The New Museum Expands ‘Demo2023′ To Showcase Artists’ Most Inventive Work

The New Museum Expands ‘Demo2023′ To Showcase Artists’ Most Inventive Work
LAMB performing at Y9 member black beyond

LAMB performs at Y9 member Black beyond’s_a^3 alchemy portal at ONX Studio. Image:
Christine Rivera.

Borrowing a concept used in Silicon Valley, the New Museum in New York City is hosting DEMO2023, where artistic and technical creators’ work will be on display for viewers and investors alike. The public festival comes from NEW INC, the first museum-led cultural incubator conceived as a not-for-profit platform for furthering the museum’s ongoing commitment to new art and new ideas. NEW INC members and other artists and designers will share their work with the public from June 21, 2023 to June 23, 2023.

Artist, researcher and New INC Director Salome Asega explains it’s the ideal platform to showcase artists’ work. “The festival is an annual event to celebrate and platform the ideas and projects our members have been working to push forward all year long,” she shares.

The multi-day, multi-site festival is anchored by the New Museum and five satellite showcases taking place at various partner organizations and spaces around New York City: Pier 17 at the Seaport; CARA (Center for Art, Research and Alliances); La MaMa Galleria; Dunkunsthalle and ONX Studio.

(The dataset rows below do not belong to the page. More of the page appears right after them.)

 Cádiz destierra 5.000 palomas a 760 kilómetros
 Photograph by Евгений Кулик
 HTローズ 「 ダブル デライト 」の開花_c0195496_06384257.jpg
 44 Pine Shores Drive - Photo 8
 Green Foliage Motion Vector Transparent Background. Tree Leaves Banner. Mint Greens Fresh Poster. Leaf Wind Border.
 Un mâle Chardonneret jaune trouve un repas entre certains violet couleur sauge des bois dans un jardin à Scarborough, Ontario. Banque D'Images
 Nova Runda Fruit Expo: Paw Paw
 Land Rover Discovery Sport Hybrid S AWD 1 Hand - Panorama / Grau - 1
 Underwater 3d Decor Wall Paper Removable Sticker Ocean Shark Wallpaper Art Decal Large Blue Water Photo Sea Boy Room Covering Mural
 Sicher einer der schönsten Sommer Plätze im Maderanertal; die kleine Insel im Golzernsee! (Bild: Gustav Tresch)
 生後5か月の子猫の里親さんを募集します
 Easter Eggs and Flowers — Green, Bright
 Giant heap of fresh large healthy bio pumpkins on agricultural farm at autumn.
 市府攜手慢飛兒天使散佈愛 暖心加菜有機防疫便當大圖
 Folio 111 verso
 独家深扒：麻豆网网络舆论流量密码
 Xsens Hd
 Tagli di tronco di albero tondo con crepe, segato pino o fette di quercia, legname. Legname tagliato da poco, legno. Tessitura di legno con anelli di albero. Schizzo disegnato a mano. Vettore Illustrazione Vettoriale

Composer and performer M Lamar (Laverne Cox‘s twin brother), Yemi Amu, founder and director of Oko Farms—a farming education, food production and research hub in Brooklyn, New York—artist Hassan Rahim and more will engage in panels and performances to further illustrate the questions the members are engaging across art, design and technology. 

Asega shares more on the evolution of DEMO2023 and her own artistic endeavors in relation to her Ethiopian background.

EBONY: How did DEMO2023 come to fruition?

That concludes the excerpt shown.